- [What you need to do]:
Your copy should repeat the data that follows exactly and contain no image.

Scraped caption text data
####

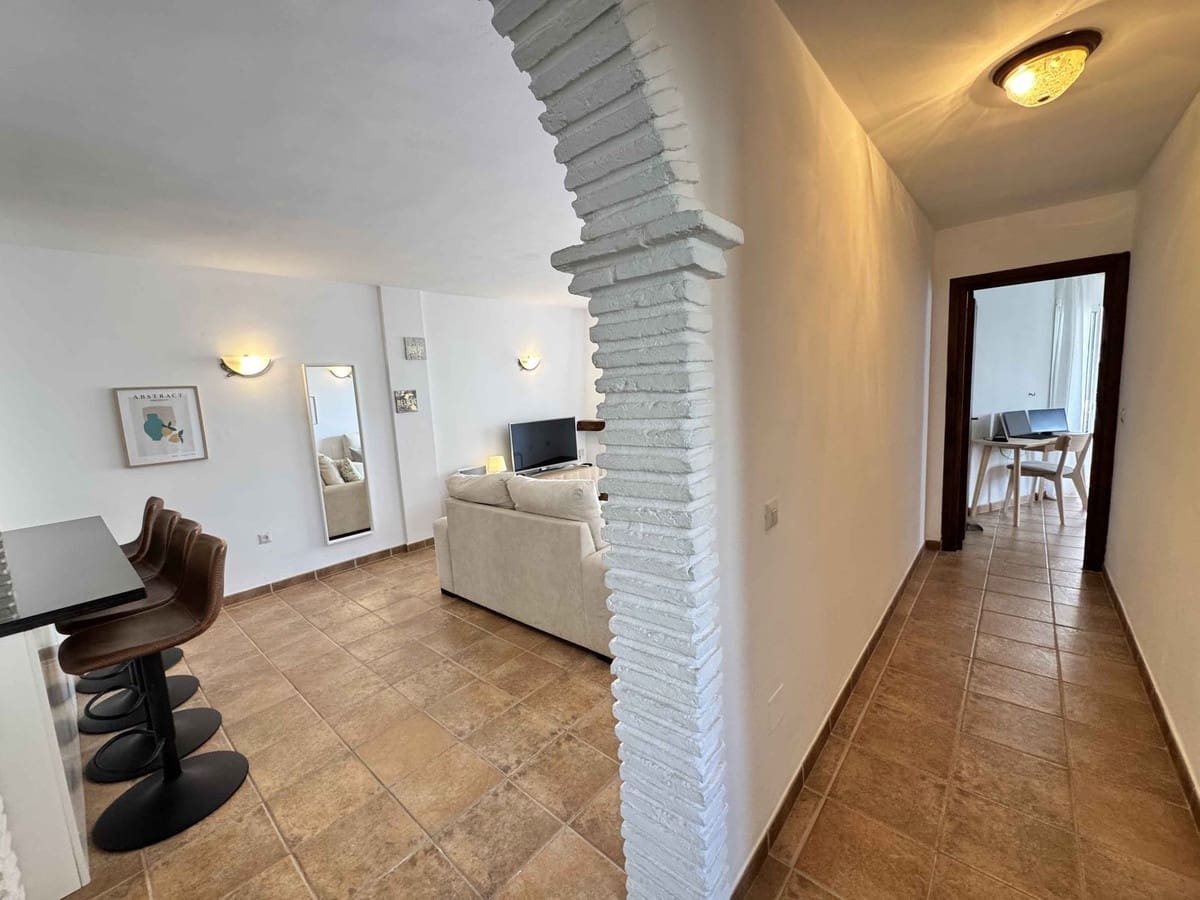 3 soverom Leilighet til salgs i Riviera del Sol med svømmebasseng garasje - € 449 000 (Ref: 10021995)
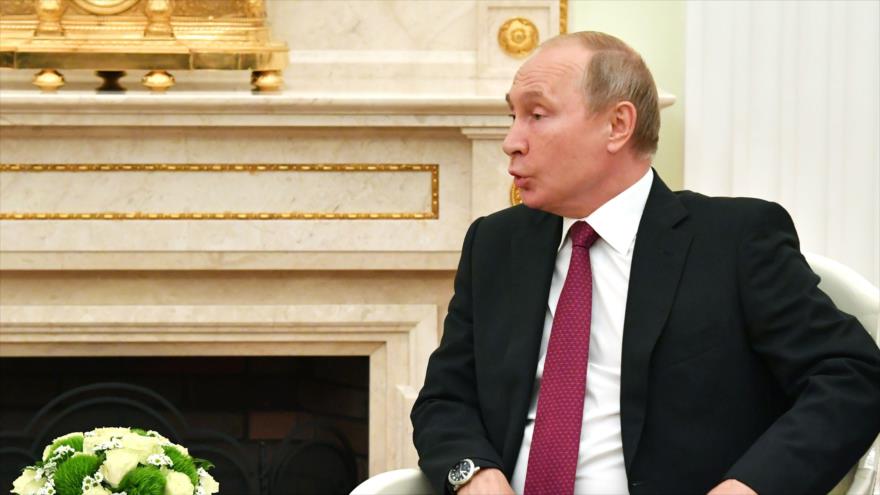 Vladimir Putin recibió a un excanciller iraní prófugo por el atentado — AMIA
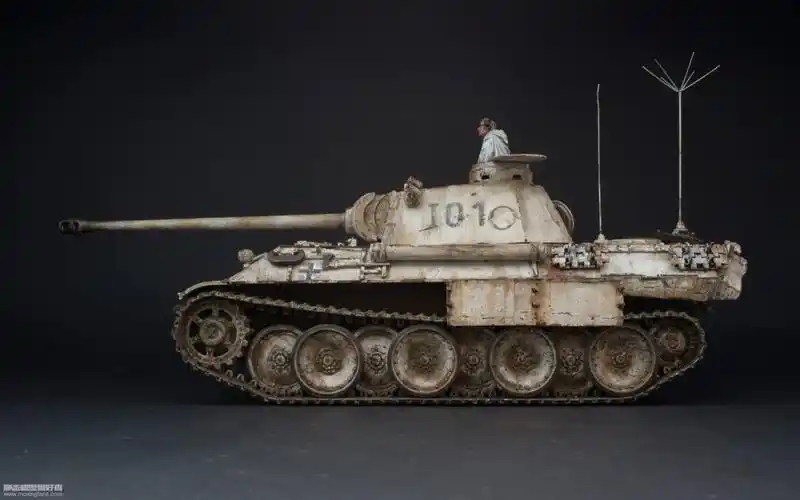 德国豹式中型坦克d型(田宫)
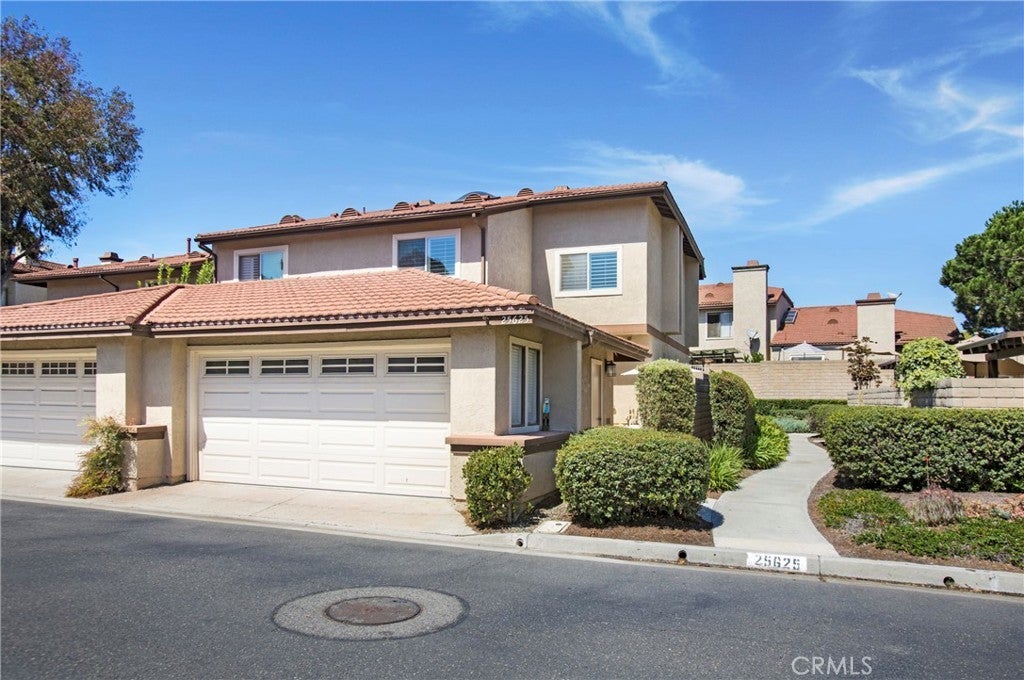 Photo of Listing #OC25200691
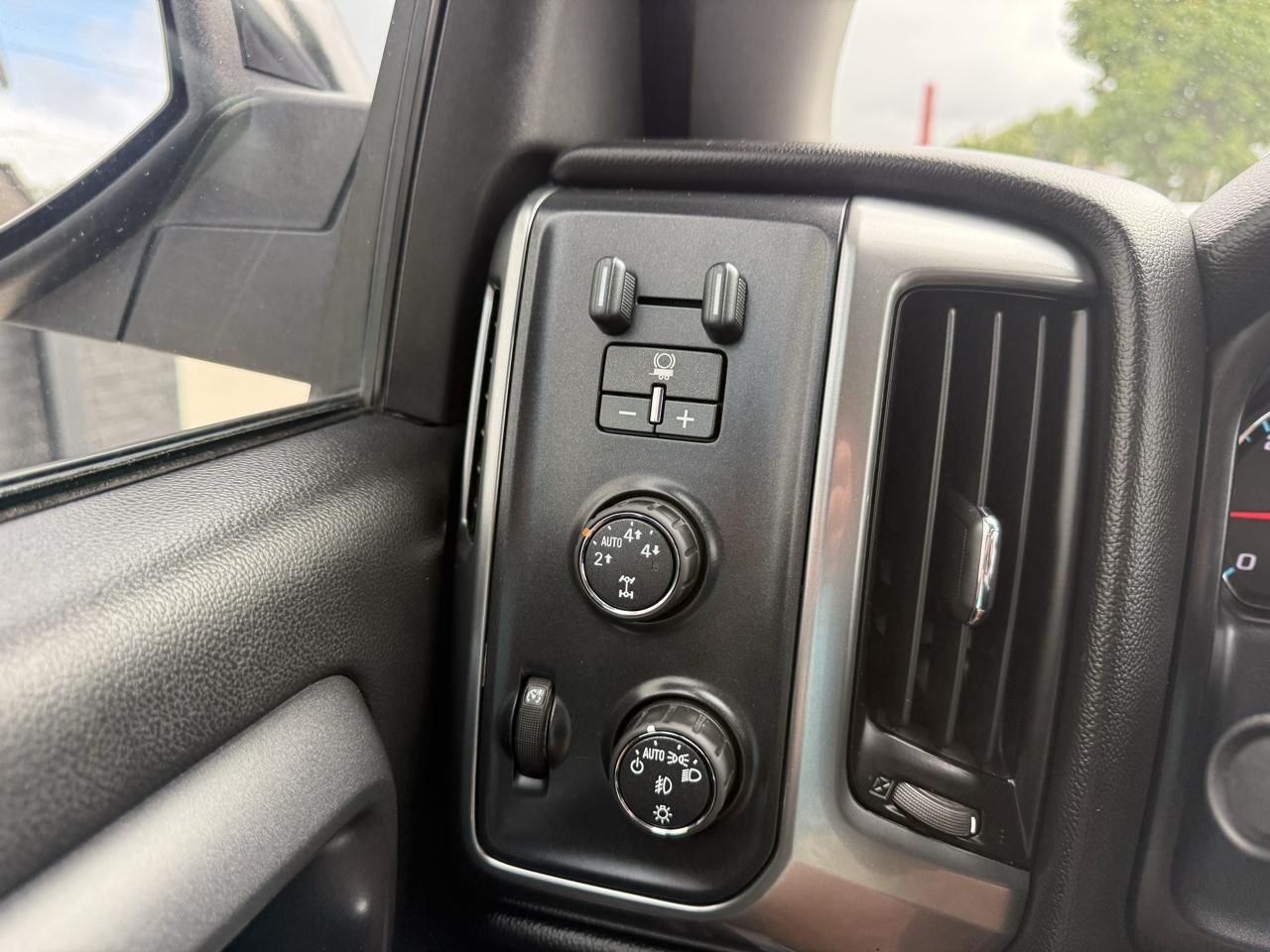 Chevrolet Silverado 1500 4WD Crew Cab 153.0" LT w/1LT 2015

####

- [Answer to the problem]:
 3 soverom Leilighet til salgs i Riviera del Sol med svømmebasseng garasje - € 449 000 (Ref: 10021995)
 Vladimir Putin recibió a un excanciller iraní prófugo por el atentado — AMIA
 德国豹式中型坦克d型(田宫)
 Photo of Listing #OC25200691
 Chevrolet Silverado 1500 4WD Crew Cab 153.0" LT w/1LT 2015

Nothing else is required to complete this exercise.